▶ **Records**:
>>>>

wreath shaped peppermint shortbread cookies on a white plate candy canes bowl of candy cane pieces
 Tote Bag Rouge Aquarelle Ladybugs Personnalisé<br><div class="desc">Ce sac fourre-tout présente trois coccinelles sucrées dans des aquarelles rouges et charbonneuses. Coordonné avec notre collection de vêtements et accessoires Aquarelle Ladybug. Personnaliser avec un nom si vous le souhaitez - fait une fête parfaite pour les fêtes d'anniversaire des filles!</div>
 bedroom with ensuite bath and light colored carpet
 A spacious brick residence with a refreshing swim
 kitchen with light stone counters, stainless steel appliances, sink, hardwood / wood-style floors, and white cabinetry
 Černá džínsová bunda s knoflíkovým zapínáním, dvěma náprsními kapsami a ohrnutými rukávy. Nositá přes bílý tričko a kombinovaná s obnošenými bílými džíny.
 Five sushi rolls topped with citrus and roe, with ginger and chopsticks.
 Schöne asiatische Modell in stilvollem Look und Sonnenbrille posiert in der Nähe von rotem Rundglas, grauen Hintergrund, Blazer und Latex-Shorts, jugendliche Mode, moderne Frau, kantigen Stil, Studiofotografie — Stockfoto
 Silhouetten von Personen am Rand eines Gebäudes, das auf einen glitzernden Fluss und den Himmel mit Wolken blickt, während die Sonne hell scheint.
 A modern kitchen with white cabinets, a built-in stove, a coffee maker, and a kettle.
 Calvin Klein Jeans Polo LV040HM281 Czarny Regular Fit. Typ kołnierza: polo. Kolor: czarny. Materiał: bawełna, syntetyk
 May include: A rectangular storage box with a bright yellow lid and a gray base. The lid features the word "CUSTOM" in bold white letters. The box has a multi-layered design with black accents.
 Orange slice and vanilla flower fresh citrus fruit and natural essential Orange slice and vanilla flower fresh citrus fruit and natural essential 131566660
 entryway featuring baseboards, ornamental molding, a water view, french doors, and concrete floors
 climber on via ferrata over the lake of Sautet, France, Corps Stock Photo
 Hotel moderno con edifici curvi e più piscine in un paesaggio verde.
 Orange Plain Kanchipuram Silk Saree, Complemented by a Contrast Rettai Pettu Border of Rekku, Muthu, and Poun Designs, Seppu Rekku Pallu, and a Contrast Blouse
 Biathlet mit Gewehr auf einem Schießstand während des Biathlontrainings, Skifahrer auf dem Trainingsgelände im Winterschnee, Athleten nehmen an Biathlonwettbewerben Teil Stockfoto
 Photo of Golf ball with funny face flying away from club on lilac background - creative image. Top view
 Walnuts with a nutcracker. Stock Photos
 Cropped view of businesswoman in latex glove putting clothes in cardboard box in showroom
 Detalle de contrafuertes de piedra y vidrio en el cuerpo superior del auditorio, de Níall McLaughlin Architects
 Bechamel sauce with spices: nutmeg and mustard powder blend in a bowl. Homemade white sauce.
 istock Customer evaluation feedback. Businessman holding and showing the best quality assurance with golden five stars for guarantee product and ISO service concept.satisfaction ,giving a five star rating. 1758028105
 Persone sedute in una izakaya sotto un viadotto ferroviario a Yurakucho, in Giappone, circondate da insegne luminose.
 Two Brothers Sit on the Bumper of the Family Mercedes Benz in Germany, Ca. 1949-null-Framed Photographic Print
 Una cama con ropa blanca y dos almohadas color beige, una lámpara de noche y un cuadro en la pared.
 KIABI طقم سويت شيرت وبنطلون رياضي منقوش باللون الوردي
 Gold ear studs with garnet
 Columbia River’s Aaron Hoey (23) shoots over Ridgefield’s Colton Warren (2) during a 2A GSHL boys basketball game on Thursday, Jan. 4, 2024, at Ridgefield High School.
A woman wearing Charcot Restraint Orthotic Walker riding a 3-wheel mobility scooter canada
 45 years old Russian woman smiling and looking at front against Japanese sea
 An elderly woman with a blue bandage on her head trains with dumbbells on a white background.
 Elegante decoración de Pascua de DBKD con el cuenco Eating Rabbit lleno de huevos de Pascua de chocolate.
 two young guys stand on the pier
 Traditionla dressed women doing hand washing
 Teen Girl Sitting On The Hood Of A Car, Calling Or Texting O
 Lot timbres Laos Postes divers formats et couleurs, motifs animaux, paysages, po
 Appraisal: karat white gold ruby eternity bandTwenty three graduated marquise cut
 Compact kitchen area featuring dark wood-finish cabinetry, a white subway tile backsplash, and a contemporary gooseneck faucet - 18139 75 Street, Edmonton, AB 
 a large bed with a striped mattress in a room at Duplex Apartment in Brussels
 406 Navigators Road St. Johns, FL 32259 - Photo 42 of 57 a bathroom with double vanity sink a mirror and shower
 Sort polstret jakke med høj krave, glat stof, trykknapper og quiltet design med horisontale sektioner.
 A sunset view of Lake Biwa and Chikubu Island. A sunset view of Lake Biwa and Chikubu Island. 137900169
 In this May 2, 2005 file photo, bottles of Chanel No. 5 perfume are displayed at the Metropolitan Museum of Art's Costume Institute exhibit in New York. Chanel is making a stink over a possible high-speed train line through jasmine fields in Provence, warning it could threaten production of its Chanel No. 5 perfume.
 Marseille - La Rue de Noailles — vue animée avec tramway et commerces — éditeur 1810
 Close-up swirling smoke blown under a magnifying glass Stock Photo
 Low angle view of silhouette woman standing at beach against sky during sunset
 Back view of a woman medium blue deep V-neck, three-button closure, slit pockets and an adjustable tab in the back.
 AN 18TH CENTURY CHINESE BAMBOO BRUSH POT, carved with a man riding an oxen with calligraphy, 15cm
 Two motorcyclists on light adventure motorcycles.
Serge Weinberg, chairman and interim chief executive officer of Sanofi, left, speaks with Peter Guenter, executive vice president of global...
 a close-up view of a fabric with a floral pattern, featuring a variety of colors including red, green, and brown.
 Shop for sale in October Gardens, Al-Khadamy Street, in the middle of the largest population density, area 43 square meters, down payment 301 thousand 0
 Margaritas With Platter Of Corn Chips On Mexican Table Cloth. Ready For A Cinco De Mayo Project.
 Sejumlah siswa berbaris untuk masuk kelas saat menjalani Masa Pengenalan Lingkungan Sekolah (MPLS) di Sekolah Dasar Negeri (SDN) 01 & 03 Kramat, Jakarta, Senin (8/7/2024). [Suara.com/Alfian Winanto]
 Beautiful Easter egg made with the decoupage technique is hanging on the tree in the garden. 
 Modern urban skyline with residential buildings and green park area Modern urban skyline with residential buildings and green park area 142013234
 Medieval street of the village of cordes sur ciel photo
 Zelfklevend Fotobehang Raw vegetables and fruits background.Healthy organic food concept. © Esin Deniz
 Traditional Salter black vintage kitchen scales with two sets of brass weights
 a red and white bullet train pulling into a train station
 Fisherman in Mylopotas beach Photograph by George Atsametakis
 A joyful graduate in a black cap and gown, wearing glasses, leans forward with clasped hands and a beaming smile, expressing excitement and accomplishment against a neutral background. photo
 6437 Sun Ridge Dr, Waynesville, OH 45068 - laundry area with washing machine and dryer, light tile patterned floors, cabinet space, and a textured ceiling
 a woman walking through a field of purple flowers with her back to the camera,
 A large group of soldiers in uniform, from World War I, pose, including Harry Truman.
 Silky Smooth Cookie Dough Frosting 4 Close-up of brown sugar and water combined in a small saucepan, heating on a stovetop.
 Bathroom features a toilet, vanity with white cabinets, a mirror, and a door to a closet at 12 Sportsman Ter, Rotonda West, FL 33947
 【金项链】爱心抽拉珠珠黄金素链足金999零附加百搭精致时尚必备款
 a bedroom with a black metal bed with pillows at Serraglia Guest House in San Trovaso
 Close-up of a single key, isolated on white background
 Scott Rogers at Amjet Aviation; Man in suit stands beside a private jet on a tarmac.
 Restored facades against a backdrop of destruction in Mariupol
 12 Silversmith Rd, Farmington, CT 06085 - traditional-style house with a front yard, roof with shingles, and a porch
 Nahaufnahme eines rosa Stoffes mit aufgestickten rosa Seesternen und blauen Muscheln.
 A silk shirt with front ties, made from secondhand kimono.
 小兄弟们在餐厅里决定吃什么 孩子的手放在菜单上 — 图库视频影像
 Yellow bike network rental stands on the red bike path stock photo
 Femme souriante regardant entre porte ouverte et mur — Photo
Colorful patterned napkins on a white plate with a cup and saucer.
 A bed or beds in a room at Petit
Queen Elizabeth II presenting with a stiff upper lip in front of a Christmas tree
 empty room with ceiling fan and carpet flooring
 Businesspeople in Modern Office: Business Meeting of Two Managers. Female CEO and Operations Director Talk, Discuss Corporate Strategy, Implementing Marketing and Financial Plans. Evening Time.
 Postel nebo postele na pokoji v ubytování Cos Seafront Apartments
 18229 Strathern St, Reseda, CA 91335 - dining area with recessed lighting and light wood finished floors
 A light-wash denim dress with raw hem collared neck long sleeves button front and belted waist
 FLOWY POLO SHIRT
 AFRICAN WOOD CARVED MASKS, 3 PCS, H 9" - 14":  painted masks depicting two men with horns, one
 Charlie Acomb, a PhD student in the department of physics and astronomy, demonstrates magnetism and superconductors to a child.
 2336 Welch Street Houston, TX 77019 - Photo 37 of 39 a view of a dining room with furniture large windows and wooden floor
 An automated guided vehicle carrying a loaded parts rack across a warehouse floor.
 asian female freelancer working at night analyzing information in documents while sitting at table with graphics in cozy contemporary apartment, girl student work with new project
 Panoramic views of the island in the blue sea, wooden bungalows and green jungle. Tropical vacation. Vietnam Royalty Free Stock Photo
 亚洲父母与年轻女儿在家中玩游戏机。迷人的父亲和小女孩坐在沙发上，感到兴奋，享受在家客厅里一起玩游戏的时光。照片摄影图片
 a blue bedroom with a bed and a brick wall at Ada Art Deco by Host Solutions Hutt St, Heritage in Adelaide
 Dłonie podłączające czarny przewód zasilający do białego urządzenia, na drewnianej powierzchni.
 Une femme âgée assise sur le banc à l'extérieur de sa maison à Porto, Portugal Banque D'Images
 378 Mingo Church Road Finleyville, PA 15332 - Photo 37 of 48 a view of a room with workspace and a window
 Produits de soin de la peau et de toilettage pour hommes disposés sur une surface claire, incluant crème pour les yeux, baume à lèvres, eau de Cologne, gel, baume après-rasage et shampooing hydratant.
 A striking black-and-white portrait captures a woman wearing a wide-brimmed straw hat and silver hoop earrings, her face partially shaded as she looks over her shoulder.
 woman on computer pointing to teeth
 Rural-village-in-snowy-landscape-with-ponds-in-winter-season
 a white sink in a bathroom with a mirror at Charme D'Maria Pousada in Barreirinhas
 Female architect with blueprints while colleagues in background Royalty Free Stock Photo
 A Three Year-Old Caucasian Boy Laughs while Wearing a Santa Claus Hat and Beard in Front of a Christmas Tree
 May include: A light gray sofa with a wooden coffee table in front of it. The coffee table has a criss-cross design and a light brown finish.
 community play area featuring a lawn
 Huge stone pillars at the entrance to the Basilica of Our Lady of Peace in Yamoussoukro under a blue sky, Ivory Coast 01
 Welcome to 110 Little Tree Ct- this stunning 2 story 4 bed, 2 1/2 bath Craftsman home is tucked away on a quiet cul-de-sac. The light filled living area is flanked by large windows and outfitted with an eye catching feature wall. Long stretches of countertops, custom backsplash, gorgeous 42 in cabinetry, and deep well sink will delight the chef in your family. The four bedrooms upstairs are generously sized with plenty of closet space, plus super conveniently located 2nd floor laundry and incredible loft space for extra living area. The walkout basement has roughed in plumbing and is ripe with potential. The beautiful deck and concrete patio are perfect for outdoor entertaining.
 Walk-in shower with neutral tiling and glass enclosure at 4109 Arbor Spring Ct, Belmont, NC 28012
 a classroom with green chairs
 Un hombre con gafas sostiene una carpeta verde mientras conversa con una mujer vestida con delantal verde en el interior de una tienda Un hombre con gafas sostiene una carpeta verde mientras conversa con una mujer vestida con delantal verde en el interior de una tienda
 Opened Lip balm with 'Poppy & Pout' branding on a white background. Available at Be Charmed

<<<<

▶ **Assigned task**:
The reply should hold only the lines of the listing above starting at the line containing "A large group" and ending at the line containing "a bedroom with", exactly as written.

▶ **Task answer**:
 A large group of soldiers in uniform, from World War I, pose, including Harry Truman.
 Silky Smooth Cookie Dough Frosting 4 Close-up of brown sugar and water combined in a small saucepan, heating on a stovetop.
 Bathroom features a toilet, vanity with white cabinets, a mirror, and a door to a closet at 12 Sportsman Ter, Rotonda West, FL 33947
 【金项链】爱心抽拉珠珠黄金素链足金999零附加百搭精致时尚必备款
 a bedroom with a black metal bed with pillows at Serraglia Guest House in San Trovaso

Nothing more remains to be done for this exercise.